Error messages and logs


# Cannot re-initialize CUDA in forked subprocess. To use CUDA with multiprocessing, you must use the 'spawn' start method

Important info


#- Lightning Component (e.g. Trainer, LightningModule, LightningApp, LightningWork, LightningFlow):
#- Lightning App Version (e.g., 0.5.2):
#- PyTorch Version (e.g., 1.10):
#- Python version (e.g., 3.9):
#- OS (e.g., Linux):
#- CUDA/cuDNN version:
#- GPU models and configuration:
#- How you installed Lightning(`conda`, `pip`, source):
#- Running environment of LightningApp (e.g. local, cloud):

More info

No response

tchaton commented 2 years ago

Hey @yuvals1.

Thanks for trying Lightning App.

Here are some explications.

Could you try this:

class VideoServeGradio(ServeGradio):

    inputs = gr.Video()
    outputs = "playable_video"

    def run(self):
        super().run()

    def predict(self, video):
        # Move the model to cuda in the predict method.
        model = self.model.cuda()
        video = video.cuda()
        output = model(video)
        return output.cpu().item()

    def build_model(self):
        return MyPipeline(face_geometry_path=None)
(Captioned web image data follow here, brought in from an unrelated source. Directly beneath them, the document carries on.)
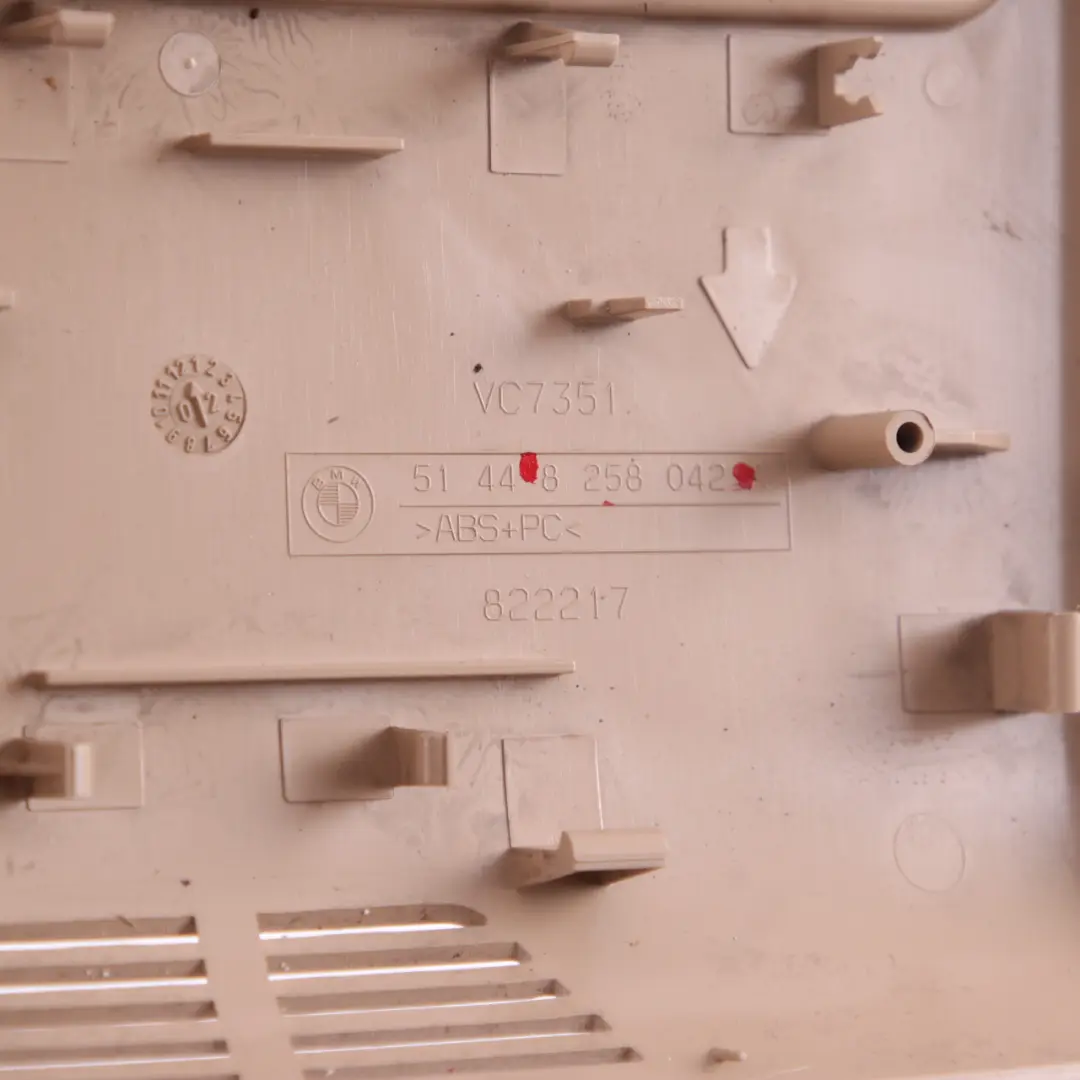 Osłona Panel Obudowa Podsufitki Tył Jasnobeżowy 8258042 do BMW X5 E53 o numerze 8258039 BMW X5 E53 Osłona Panel Obudowa Podsufitki Tył Jasnobeżowy 8258042 - SKU 8258039-1 - Numer Części 8258039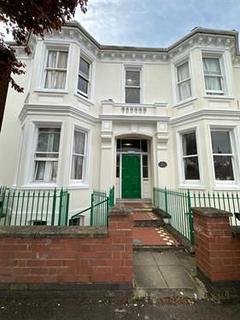 undefined, Room 1 Single Room- Acorn House, Russell Terrace, L/Spa, CV31 1HE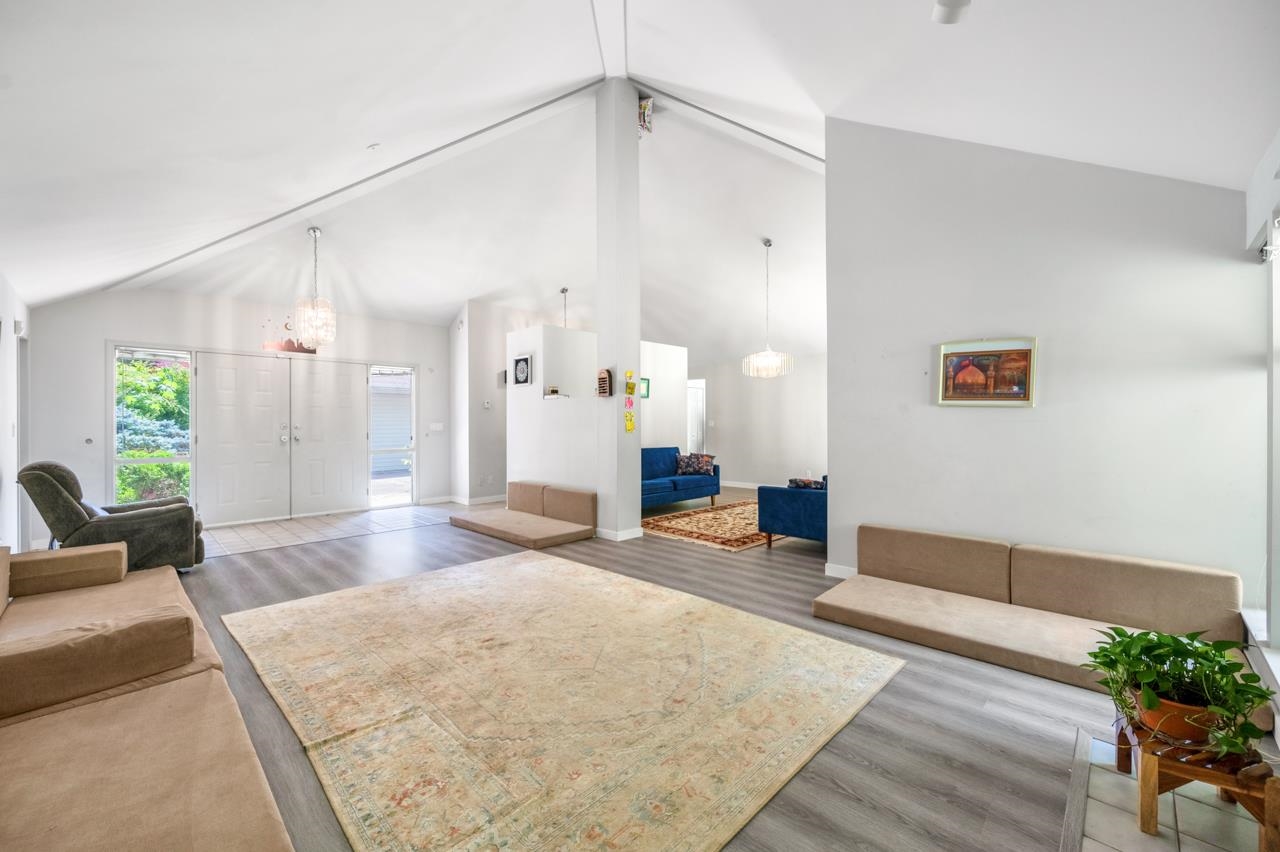 25 Avenue, Surrey, BC V4P 1Z7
class Flow(L.LightningFlow):
    def __init__(self):
        super().__init__()
        self.serve_work = VideoServeGradio()

    def run(self):
        self.serve_work.run()

    def configure_layout(self):
        tab_2 = {"name": "Interactive demo", "content": self.serve_work}
        return [tab_2]

app = L.LightningApp(Flow(), debug=True)
yuvals1 commented 2 years ago

Hey @tchaton, Thanks for the response. So I tried your suggestion and unfortunately now the process can't find Cuda for some reason: CUDA driver initialization failed, you might not have a CUDA gpu. Any ideas why?

tchaton commented 2 years ago

Hey @yuvals1. Some progress, different errors.

Mind trying this?

    def predict(self, video):
        # Move the model to cuda in the predict method.
        torch.set_device(torch.device('cuda:0'))
        model = self.model.cuda()
        video = video.cuda()
        output = model(video)
        return output.cpu().item()

cc @awaelchli

awaelchli commented 2 years ago

Hi @yuvals1 Is PyTorch working fine on that system otherwise? Please check that this works:

python -c "import torch; torch.rand(2).to('cuda:0')" 

Because the error

CUDA driver initialization failed, you might not have a CUDA gpu.

would suggest that your system/display driver is perhaps outdated?

As @tchaton said, the error

Cannot re-initialize CUDA in forked subprocess.

Is from torch and it seems that gradio.Interface().launch() that we use under the hood uses the forking method to create a subprocess. This is a limitation with torch, and thus all cuda operations should be performed inside that predict function. Hmm, I'm not sure what we could do here.

stale[bot] commented 1 year ago

This issue has been automatically marked as stale because it hasn't had any recent activity. This issue will be closed in 7 days if no further activity occurs. Thank you for your contributions - the Lightning Team!